NNPC trading companies – Carlson/Hyson was allocated contract to lift 32,000 bpd, while Duke Oil Incorporated, the NNPC affiliate was awarded contract for 90,000 bpd, accounting for about 12 per cent of total volume.
For the 2017/2018 term contracts, 39 winners comprising 18 Nigerian companies, 11 international traders, five foreign refineries, three National Oil Companies (NOCs), and two NNPC trading arms were successful.
The list of 224 bidders dropped from the 278 that applied for the contracts in 2015, because the NNPC said it had introduced some new criteria that had to be met by bidders.
The contract will run for one year effective January 1, 2017 for twelve consecutive circles of crude oil allocation.
All the contracts are for 32,000 barrels per day except for Duke Oil Limited, the oil trading arm of NNPC, which shall be for 90,000 barrels per day.
Apart from the 16 Nigerian companies, and two NNPC subsidiaries, the international refineries that made the list include Indian refiner, Hindustan Energy, Varo Energy, Sonara Refinery, Bharat Petroleum and Cepa.
Trafigura, ENOC Trading, BP Trading, Total Trading, UCL Petro Energy, Moco Trading, Levene Energy, Glencore, Litasco Supply and Trading and Heritage Oil are the 11 international traders that were selected.

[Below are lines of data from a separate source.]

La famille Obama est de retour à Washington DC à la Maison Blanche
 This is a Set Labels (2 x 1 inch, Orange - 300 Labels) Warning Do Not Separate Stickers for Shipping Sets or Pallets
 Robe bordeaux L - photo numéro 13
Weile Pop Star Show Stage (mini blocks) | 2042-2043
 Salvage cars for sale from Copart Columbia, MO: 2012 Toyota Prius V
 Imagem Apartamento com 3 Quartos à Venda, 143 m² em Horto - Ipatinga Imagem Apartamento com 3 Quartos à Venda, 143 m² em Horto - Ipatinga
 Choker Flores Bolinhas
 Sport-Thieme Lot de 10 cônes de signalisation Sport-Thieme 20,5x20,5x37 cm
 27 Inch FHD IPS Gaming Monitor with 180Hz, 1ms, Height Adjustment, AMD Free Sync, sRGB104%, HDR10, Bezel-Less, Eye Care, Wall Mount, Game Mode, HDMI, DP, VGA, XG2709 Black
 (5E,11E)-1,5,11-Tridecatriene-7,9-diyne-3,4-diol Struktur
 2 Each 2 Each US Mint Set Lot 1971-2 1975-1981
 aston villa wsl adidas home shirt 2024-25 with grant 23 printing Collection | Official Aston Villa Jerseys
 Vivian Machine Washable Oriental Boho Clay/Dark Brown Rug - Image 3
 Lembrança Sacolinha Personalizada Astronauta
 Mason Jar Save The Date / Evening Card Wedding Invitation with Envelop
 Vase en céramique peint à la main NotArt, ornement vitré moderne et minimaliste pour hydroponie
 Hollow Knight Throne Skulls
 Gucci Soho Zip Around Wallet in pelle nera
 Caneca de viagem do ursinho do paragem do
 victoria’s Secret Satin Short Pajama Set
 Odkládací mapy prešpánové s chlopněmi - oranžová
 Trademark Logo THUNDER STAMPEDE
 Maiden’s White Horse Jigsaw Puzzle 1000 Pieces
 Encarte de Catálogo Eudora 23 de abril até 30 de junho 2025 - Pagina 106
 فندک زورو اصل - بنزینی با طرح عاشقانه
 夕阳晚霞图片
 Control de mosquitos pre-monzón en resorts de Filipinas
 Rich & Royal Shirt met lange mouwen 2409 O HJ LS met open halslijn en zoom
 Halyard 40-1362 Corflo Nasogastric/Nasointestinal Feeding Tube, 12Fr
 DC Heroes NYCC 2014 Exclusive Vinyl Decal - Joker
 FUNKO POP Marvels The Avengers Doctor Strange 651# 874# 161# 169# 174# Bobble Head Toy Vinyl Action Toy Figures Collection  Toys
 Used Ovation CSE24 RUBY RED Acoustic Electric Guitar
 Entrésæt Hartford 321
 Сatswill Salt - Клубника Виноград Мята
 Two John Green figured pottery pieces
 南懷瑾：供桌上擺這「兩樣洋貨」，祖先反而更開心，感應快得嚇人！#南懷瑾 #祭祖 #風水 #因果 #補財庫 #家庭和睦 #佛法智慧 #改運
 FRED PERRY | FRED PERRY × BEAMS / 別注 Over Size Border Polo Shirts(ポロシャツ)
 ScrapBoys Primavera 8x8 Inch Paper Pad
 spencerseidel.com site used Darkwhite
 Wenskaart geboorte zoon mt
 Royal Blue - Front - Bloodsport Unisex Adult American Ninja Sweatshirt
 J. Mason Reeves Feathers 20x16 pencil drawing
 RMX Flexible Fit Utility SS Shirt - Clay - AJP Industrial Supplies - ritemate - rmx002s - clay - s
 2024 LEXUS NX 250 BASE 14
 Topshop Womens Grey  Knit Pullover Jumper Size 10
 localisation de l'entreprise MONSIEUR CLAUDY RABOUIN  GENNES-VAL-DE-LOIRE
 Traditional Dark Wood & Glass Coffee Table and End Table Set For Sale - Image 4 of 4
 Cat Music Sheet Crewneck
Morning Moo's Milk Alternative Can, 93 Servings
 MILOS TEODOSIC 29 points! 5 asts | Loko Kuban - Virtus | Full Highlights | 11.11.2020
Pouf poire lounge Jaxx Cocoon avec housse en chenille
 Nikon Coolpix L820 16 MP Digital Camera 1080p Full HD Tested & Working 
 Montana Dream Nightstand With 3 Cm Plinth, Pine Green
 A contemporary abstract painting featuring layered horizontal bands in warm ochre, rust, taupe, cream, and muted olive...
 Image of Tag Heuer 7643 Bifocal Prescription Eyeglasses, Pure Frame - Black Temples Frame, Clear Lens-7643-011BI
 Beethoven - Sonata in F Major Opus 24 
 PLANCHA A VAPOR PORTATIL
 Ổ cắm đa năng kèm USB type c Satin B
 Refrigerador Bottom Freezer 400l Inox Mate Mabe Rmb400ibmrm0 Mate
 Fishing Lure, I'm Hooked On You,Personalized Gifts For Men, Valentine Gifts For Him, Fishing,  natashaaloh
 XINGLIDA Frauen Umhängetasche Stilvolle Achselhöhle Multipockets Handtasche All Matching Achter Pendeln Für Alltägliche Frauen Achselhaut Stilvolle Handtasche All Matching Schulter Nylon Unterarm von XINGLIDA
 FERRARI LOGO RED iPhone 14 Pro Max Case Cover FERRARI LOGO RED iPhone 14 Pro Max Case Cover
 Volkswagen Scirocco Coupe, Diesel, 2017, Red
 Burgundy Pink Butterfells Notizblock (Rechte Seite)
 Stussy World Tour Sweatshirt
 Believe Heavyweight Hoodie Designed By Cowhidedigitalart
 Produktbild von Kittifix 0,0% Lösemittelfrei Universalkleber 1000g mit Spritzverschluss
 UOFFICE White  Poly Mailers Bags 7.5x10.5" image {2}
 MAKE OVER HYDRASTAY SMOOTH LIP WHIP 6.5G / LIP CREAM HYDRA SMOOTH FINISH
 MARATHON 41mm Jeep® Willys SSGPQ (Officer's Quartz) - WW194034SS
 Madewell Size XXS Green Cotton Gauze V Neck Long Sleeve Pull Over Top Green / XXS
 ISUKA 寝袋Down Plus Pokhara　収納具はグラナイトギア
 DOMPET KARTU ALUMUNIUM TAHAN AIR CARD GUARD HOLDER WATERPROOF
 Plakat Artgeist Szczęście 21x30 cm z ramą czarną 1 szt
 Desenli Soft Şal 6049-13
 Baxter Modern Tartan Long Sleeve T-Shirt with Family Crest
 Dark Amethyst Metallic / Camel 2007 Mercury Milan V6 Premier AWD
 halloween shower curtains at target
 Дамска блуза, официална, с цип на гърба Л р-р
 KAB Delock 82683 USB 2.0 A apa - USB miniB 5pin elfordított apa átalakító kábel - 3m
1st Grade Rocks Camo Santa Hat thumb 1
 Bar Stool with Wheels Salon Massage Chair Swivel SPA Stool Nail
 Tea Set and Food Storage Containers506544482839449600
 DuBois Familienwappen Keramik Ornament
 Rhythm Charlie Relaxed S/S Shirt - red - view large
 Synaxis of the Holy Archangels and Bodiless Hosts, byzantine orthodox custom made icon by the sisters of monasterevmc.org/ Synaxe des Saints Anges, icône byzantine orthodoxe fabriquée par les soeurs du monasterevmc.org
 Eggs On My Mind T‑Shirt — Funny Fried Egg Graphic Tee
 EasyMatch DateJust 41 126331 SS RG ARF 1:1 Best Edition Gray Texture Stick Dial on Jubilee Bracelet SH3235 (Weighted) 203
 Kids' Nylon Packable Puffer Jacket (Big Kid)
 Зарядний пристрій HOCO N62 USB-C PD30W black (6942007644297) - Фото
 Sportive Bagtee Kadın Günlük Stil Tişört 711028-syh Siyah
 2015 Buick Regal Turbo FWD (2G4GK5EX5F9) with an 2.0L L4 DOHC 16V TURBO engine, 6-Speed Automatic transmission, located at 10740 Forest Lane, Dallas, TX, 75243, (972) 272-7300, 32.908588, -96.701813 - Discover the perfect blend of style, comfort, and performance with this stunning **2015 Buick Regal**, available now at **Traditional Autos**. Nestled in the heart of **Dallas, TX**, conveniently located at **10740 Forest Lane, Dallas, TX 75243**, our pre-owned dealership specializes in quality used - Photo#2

Term contracts were also awarded to India (Indian Oil Company), China (Sinopec), and South Africa’s SacOil based on government-to-government contracts.
Though the oil and gas industry is a global business, but competent Nigerian companies that submit bids should be used to substitute foreign companies to deepen local participation in the industry, boost employment generation and curb capital flight for the benefit of the Nigerian economy.